Mar 24 Monday 9 pm [1941]

More than a fortnight since I wrote up my diary. Still no money from Vine tho’ one or two letters have passed. We are writing no more, shall leave it in other hands now. He evidently does not mean to pay. Two nights a German plane has machine gunned near the Point again. Sat 22nd at dusk was the last time, am thankful we had “blacked out”. Father was on duty, as soon as the plane passed I ran out to see if the lookout was safe. A bullet went through Andrews’, Miss Gardiner’s house was hit too, the one the troops have. Colleen Pimperton age 11 came in with Jean after Sunday School yesterday. We asked if their house was hit (just near the Point) and she said “No but the next house let to soldiers was, a bullet went through the window and on to a chair or bed.” Then she added in a cool and blasé voice “no casualties, soldiers just going on guard” as if it was all in the day’s work and she was rather bored with it. We think the same plane was brought down a little later north of us.

Miss Norah Gardiner and her sister Fanny, daughters of Professor Gardiner, lived opposite Andrews’ coastguard house in Landseer Avenue. Norah ran a private school there and two other sisters, Kate and Victoria, taught elsewhere.

Colleen Pimperton was the daughter of Wilf (see 12th Jan 1941).

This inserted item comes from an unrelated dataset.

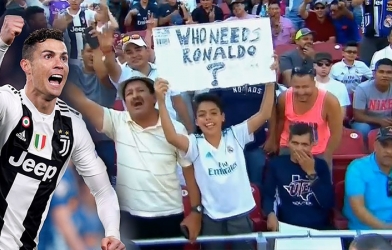 Ronaldo gửi thông điệp tới fan Real sau khi hạ sát Atletico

Ron has been home on 7 days leave, he is at Binbrook now. He passed his test and was highly delighted. He gets 28/6 a week now and attends to the instruments of two Wellington bombers now. We got his letter Wed 12th to say he was coming on Thursday. Just 4 months after going away. What a long 4 months and a short 7 days. Emmie came on Friday. Ron is very fit and well and has changed very little except that he is livelier and more self confident I think. He has lost much of his shyness. Lovely weather all the week. It was a fortunate week for him as Ralph, Malcolm and John Kirk were all on leave. John Smith too but he was staying with Peggy at Croft and came over on the day Ron went to Trusthorpe. He had tea and stayed a while hoping to see him but they missed the 5.30 bus back and J had to be back before lighting up time. John Smith and Malcolm are still shy. John is at present blowing up orchards at Wisbech. He tells various yarns but vowed this was true. Near his camp is a “dummy ‘drome”. This is quite feasible but he declares that a Ger. bomber flew over it and dropped wooden bombs then flew off and bombed the real ‘drome with live ones! And they say Gers. have no sense of humour. He is hoping to get in the R.A.F. He is a great hefty chap 5ft 11” now.

Malcolm Robinson as well as Ralph Faulkner (see 16th Dec 1940) and John Kirk (see 11th Dec 1940) were friends of Ron, about his age.

John Smith was a village friend of Ron. Peggy was John’s sister in Croft, a nearby village. They were the elder siblings of the twin girls who lived with their mother (see 26th Jan 1941).

Ron would have been visiting ‘Crossing Farm’ at Trusthorpe to see his mother’s cousin, whom he knew as ‘Aunt Amy’, and family (see 9th Dec 1940).